The Aluminum Association is working on an industry wide effort to increase the industry’s recycling rate for used aluminum beverage cans to 75% by 2015. This is the same percentage Alcoa announced as a company goal and target date in January.
To get there, it’s looking into working with local and national government on easier-said-than-done initiatives such as deposit legislation, mandatory recycling programs and landfill bans, and even ways to attaching recycling to potential climate change policies.
Hitting 75% will be no small feat – especially since people just don’t seem to want to recycle. Today, the aluminum industry recovers approximately 54% of the aluminum containers produced in the U.S. But, even with all the green talk taking place, that’s down from a high of 68% in 1992.
In past research, the Natural Marketing Institute has said, “There may not be enough incentive for consumers to recycle, and in a world where consumers are stressed for time and looking for convenience in consumption and disposal, recycling falls in priority.”

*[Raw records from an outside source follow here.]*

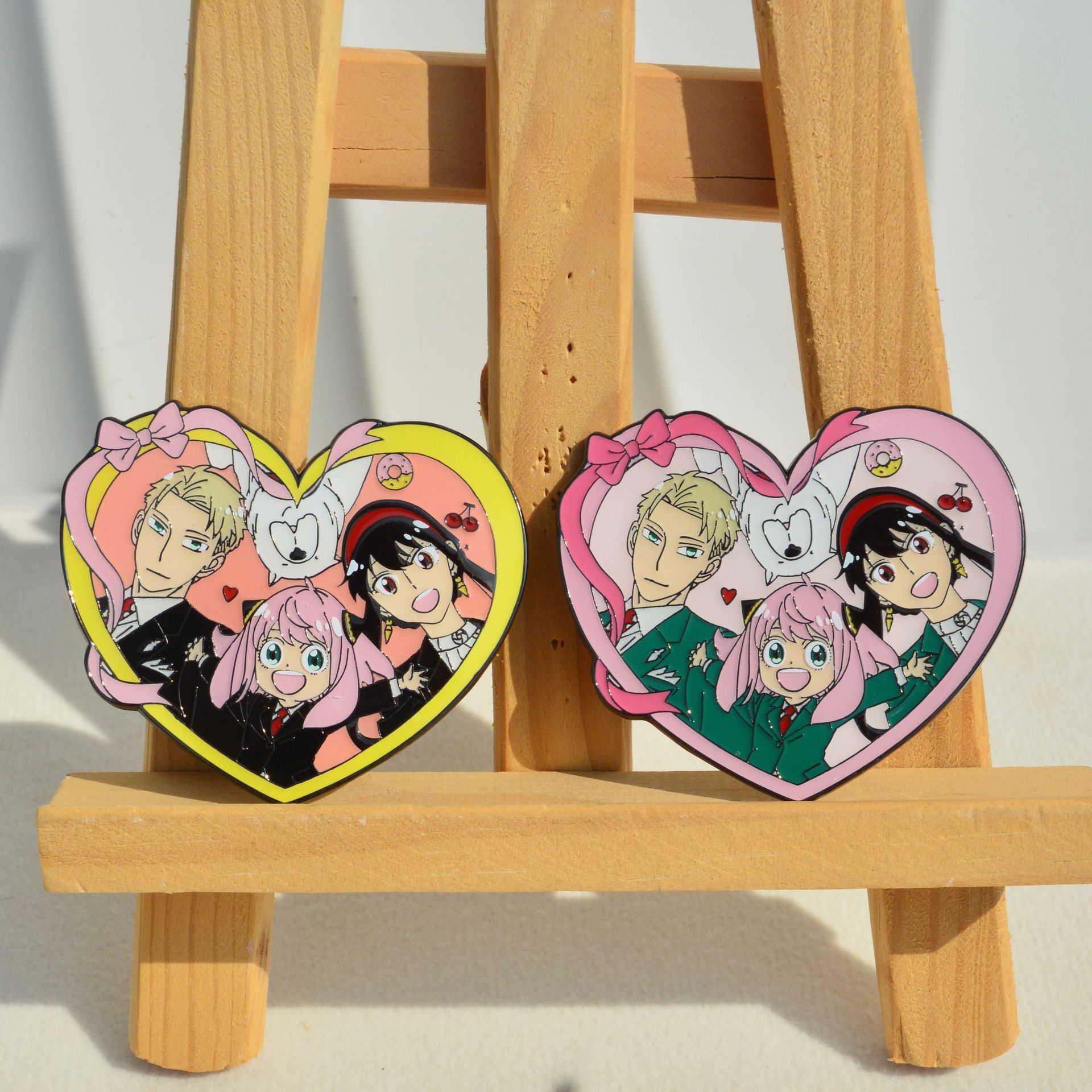 Anime Cosplay Yor - Anya Yor Loid Bond Badge Liontin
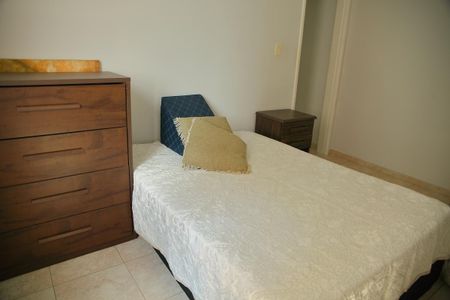 Apartamento à venda com 67m², 2 quartos e 1 vagaQuarto 2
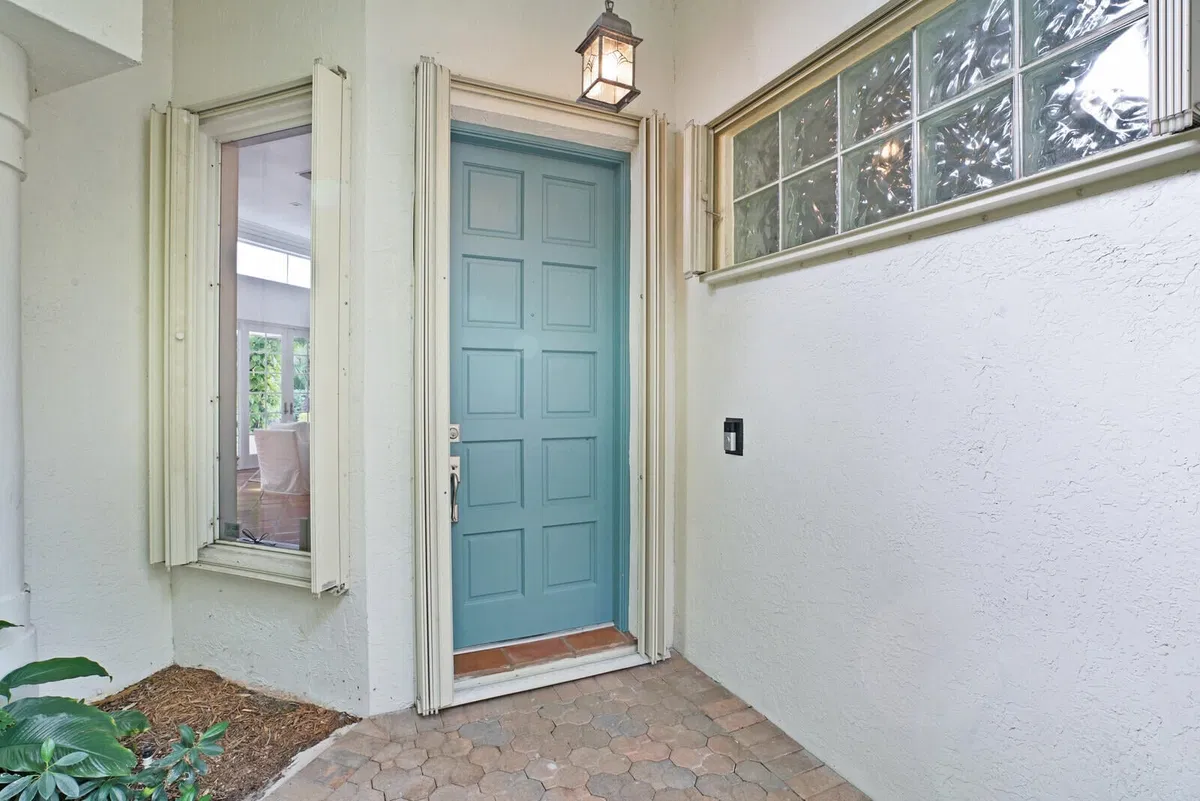 Residence photo 4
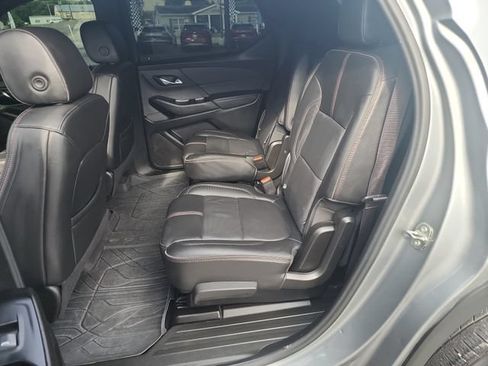 Used 2023 Chevrolet Traverse RS AWD/4WD image 31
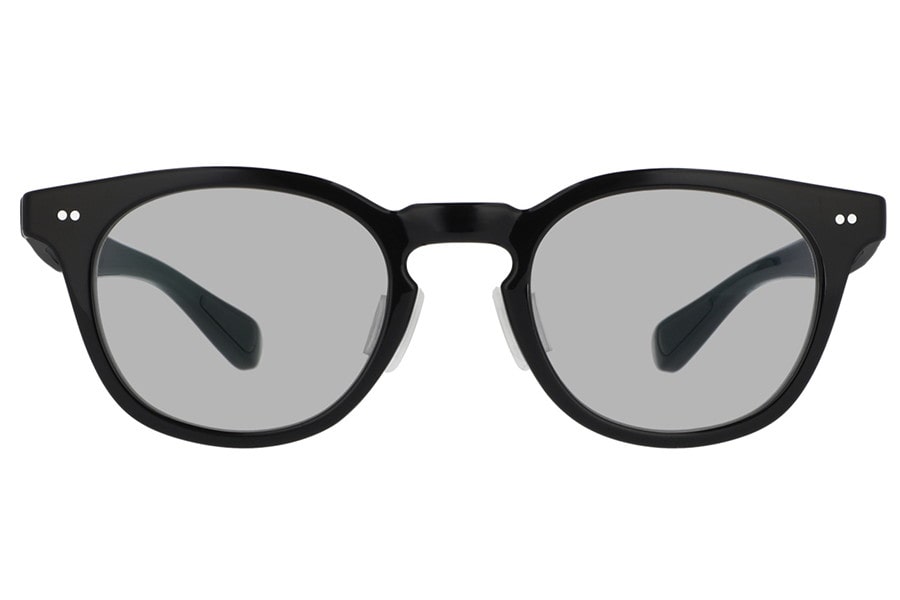 レンズの色が変わるサングラス／OUTDOOR EDITION Zoff｜YURIE／紫外線カット率99.9%以上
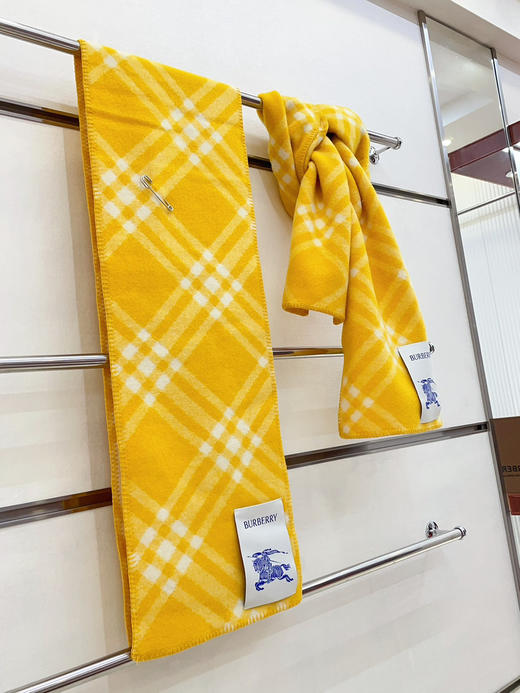 秋冬特惠💰150 巴宝莉围巾 低调的奢侈感 柔美精英高手级别的时髦感围巾 商品图3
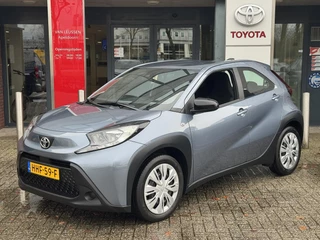 Toyota Aygo X PLAY AIRCO AD-CRUISE CAMERA APPLE/ANDROID EL-RAMEN/SPIEGELS NL-AUTO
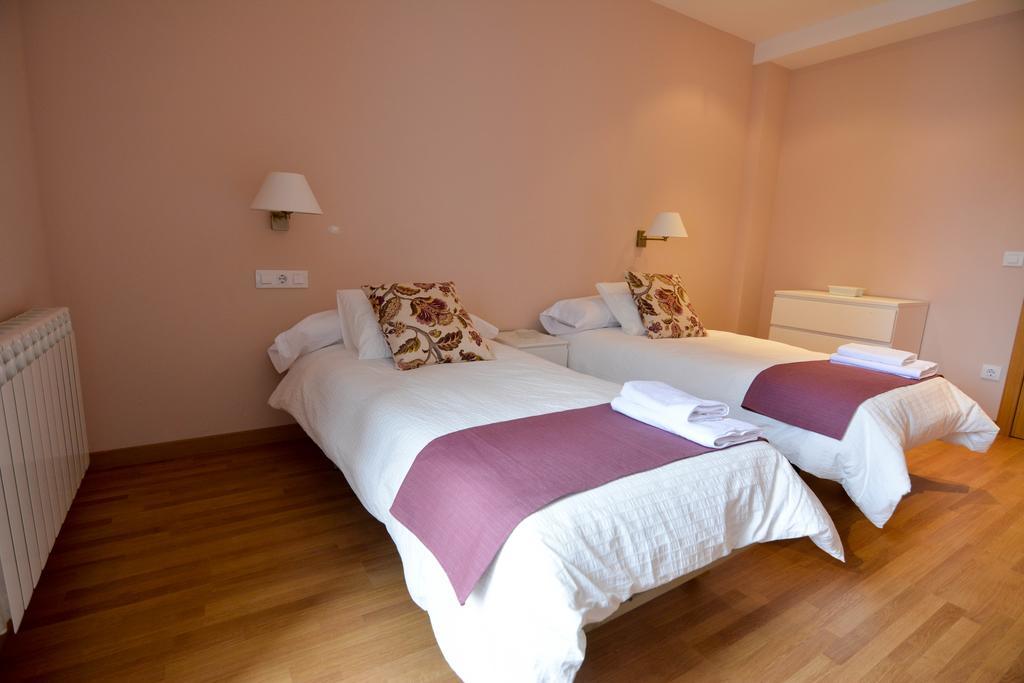 Mirando Llanes A B C Apartment Екстериор снимка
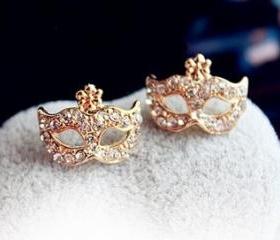 Fashion Mask Rivet Flower Stud Earring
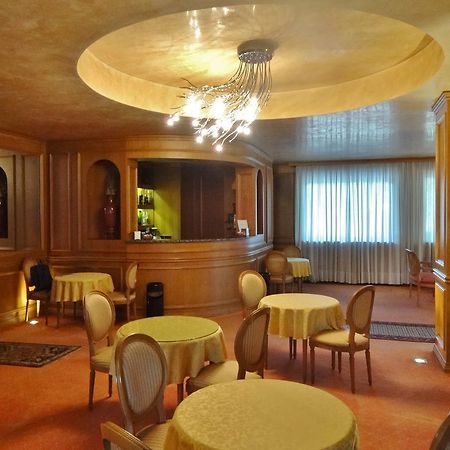 Hotel Pagoda Legnano Zewnętrze zdjęcie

One way for companies to get involved in offering incentives is to team up with RecycleBank, a company that tries to get households to recycle by offering coupons from businesses like Starbucks, Bed, Bath & beyond, and Staples.
A Harris Poll from last year found that 67 percent of adults say they recycle aluminum or metal cans.
“If we could recover and recycle 75% of the aluminum cans being currently tossed into landfills–600,000 metric tons of aluminum–we could save 1286 megawatts of generated electricity,” according to an EL column by Greg Wittbecker, Alcoa’s director of corporate metal recycling strategy. “That’s the amount produced by two coal fired power plants, and consumed by two aluminum plants. Replacing this production with recycling would keep 11.8 million metric tons of carbon dioxide from being generated and released into the atmosphere.”